The analysis also showed that HoT does not work as advertised, at least not yet. But the interesting part of the result of the analysis that peeked piqued my interest concerns how HoT fared on Ubuntu 12.04 and Fedora 19, two distributions it was tested on.
On Fedora 19, and regarding the trojan’s ability to work as intended, there was no security measure on the distribution that could have stopped it, if not for HoT’s inability to capture meaningful data from Firefox and Google’s Chromium, the two browsers used for the testing and analysis.
However, on Ubuntu 12.04, HoT failed to work. The reason? The researcher found that:
…a protection mechanism named ptrace scope was enabled by default. This protection prevents a process from attaching to a different process even when the user-ID matches (unlike the default Linux behavior). The protection effectively blocked the Trojan from interfering with other processes which rendered the Hand of Thief form-grabber and URL-blocker useless.
There are browser differences in the trojan’s ability to capture meaningful data, but that security mechanism on Ubuntu that rendered HoT’s core function “useless” is the type of security mechanism that should be enabled by default on all distributions.
This is just one trojan, and while it is largely a dud, at least at this stage in its development, there could be more out there, more that we know nothing about. The major distribution developers should take this as a wake-up call.

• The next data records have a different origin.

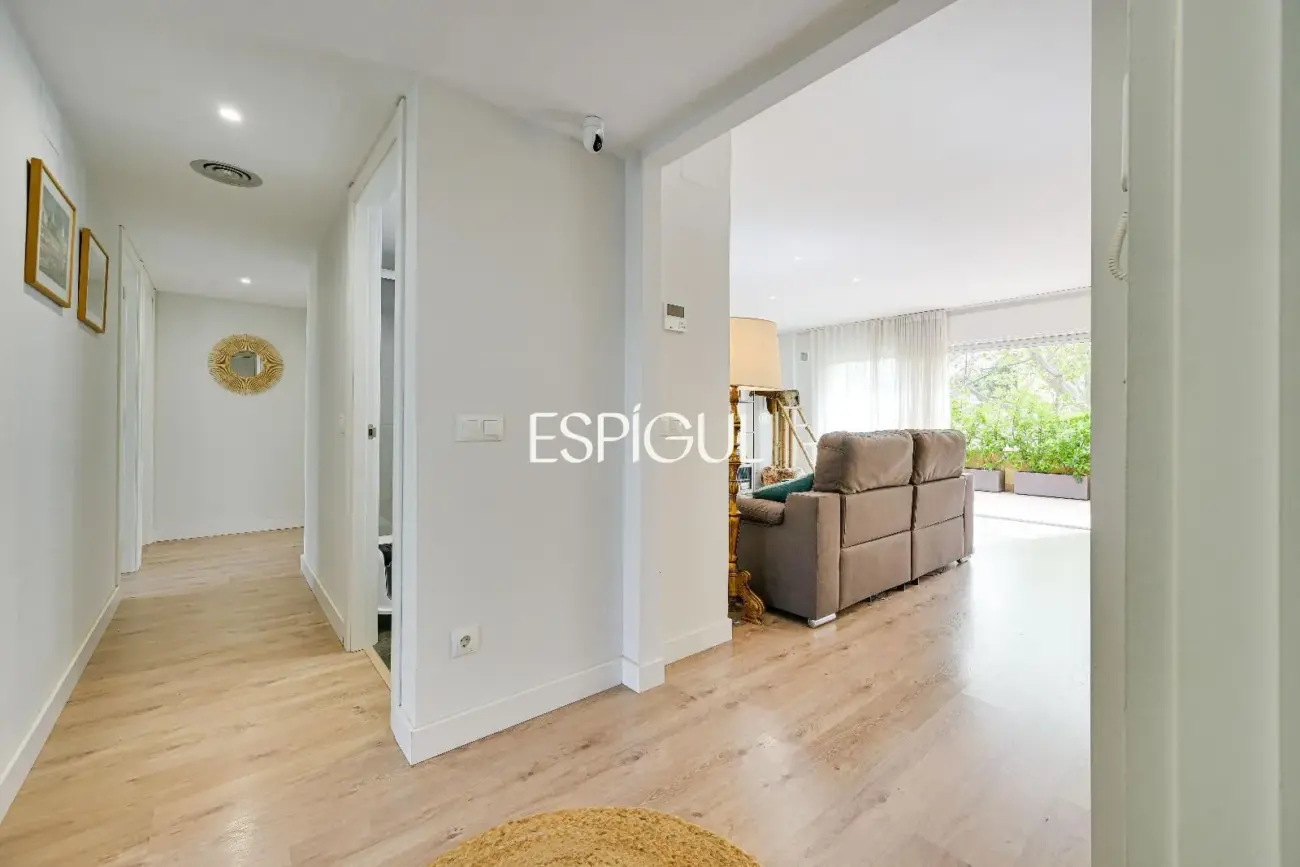 Appartement rénové avec terrasse à S&rsquo;Agaró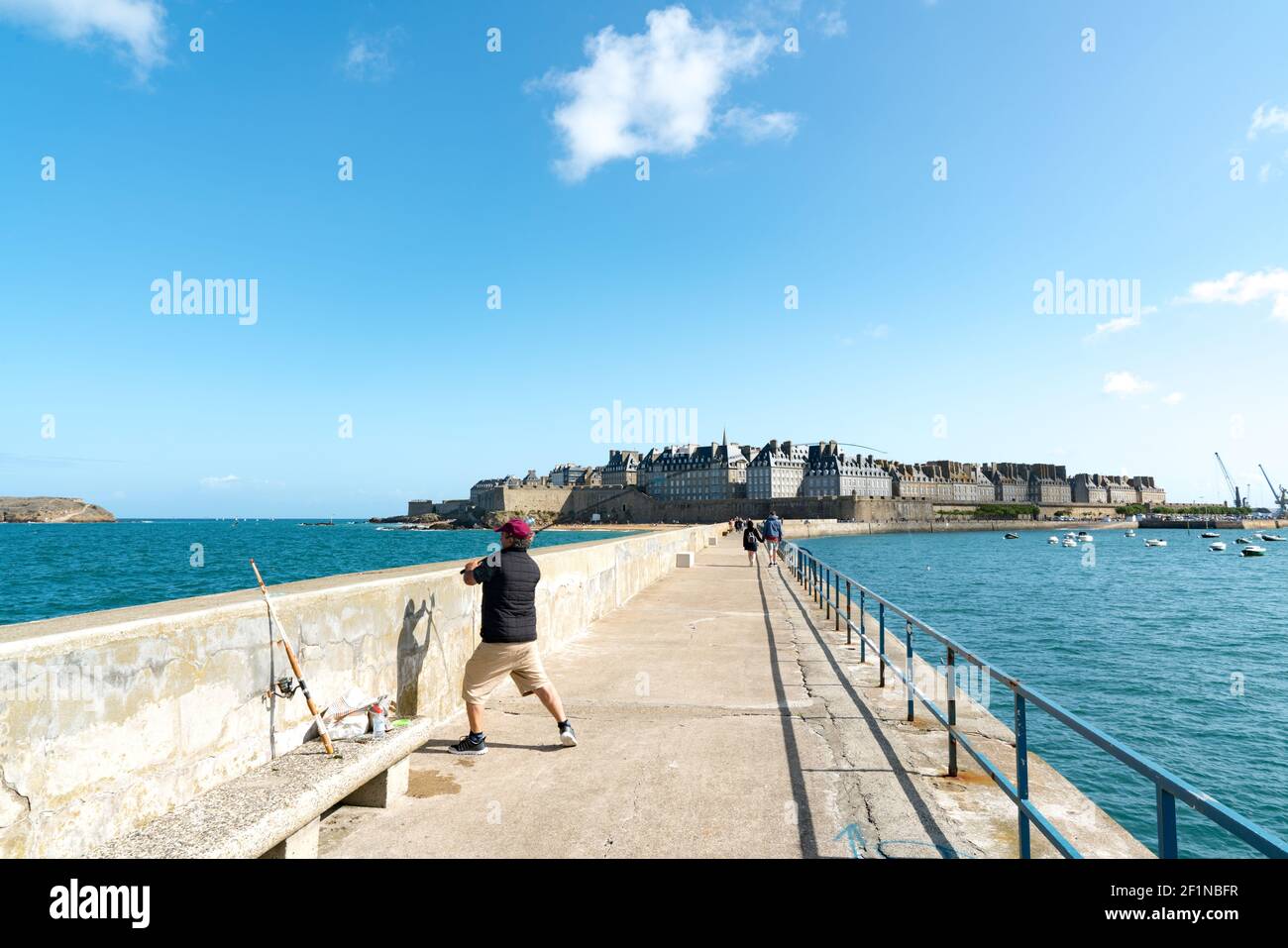 Fischer auf der Hafenmauer Anlegestelle im historischen Französisch Stadt Saint-Malo Stockfoto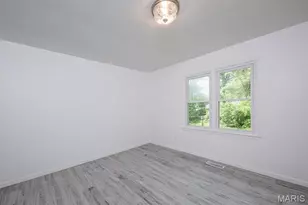 2528 Creve Coeur Dr, Rock Hill, MO 63144 - Photo 20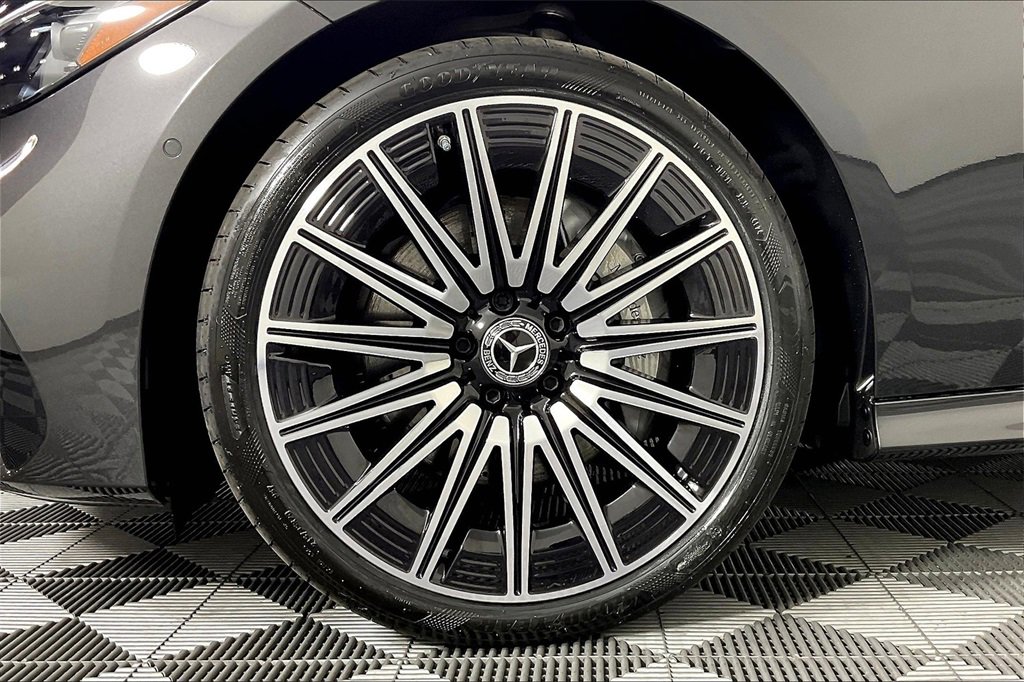 New 2025 Mercedes-Benz CLE 300 4MATIC Cabriolet image 11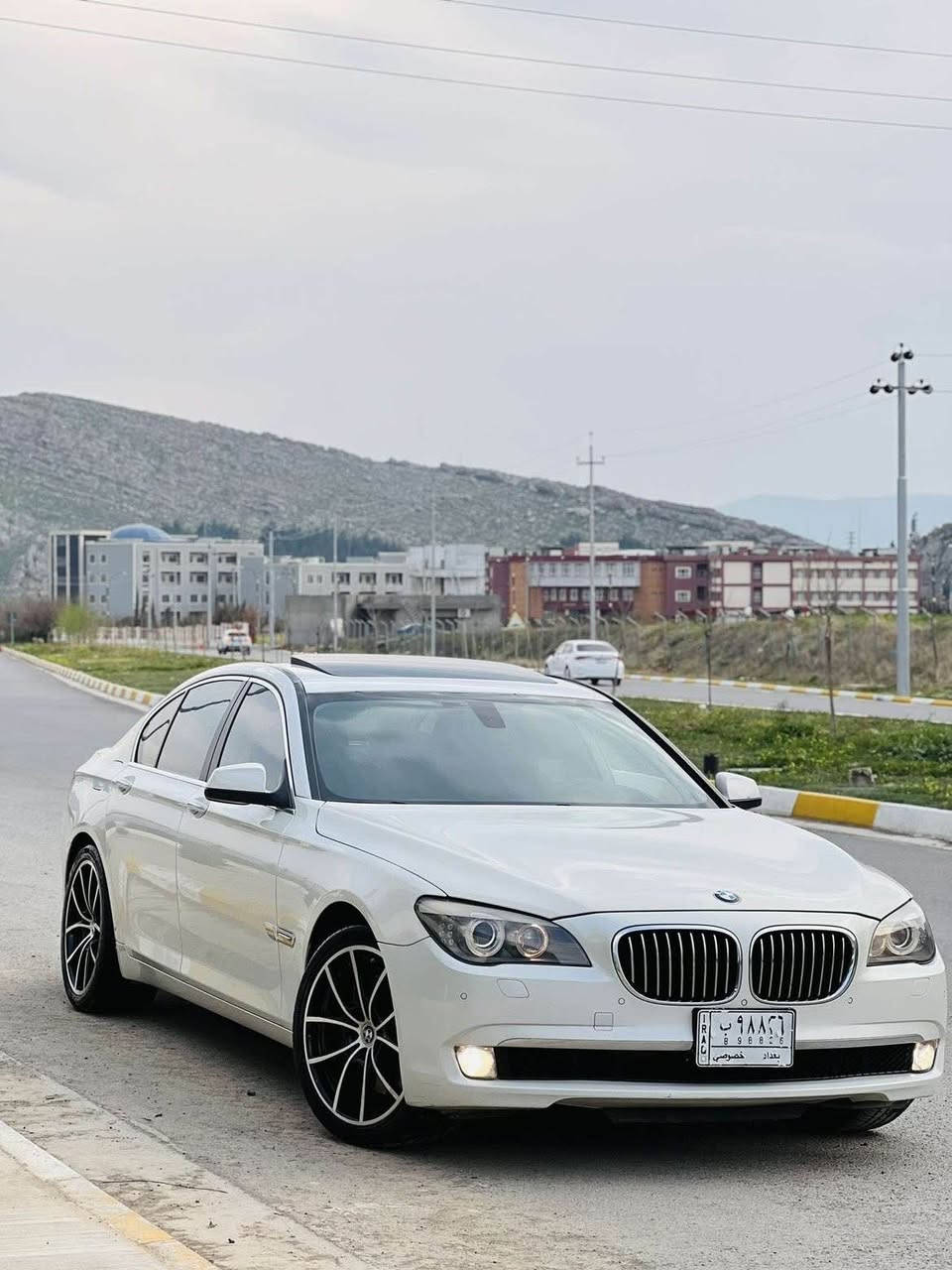 Bmw F10 
مؤديل٢٠١٠
مه كينه ٨توين تؤربويه نوزل دريژ گيرو مه كينه به شه رت
بوياخي نيه سه يا ره كه سا خه ره قه م به خدايه
٥شه فته
٣گيره سپورت
٥په رده بيلاد 
ده بل جام 
سلايت كاميره
رادار حساس پشتو پيش
لايت زينون له گه ل سوكان
بريك به سمه 
موا سه فاتي ته واو نابي
*********** رانية, السليمانية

We like to say that Linux is more secure than Windows, but are we prepared for dealing with quality malware like HoT?
One question I wanted to have the researcher answer for me is this: Why did SELinux not stop the trojan from functioning on Fedora 19?
What default value does ubuntu use for ptrace_scope? If it’s only “1” then it looks like it could easily be circumvented by having the tracer get itself into a position where it can be the parent of the tracee (perhaps by changing the executable in the browsers application desktop file under ~/.local/share/applications)
Higher values of ptrace_scope look like they would still protect against this unless root was compromised, but unless you want to disable ptrace completely system-wide then it looks like the only reliable way to prevent a process being traced at all is for it to call prctl(PR_SET_DUMPABLE, 0) to disable any attachment to the process. Perhaps this is something all the web browsers should do unless their built with something like –enable-debug.
Anyway, interesting blog-post and something I wasn’t aware of, so thanks for posting.
it’s piqued, not peeked.
Yikies! Thanks.
Remember the good old days of peek and poke instructions. Anyway back on topic. I’m kind of also wondering why SELinux could not stop the trojan from operating.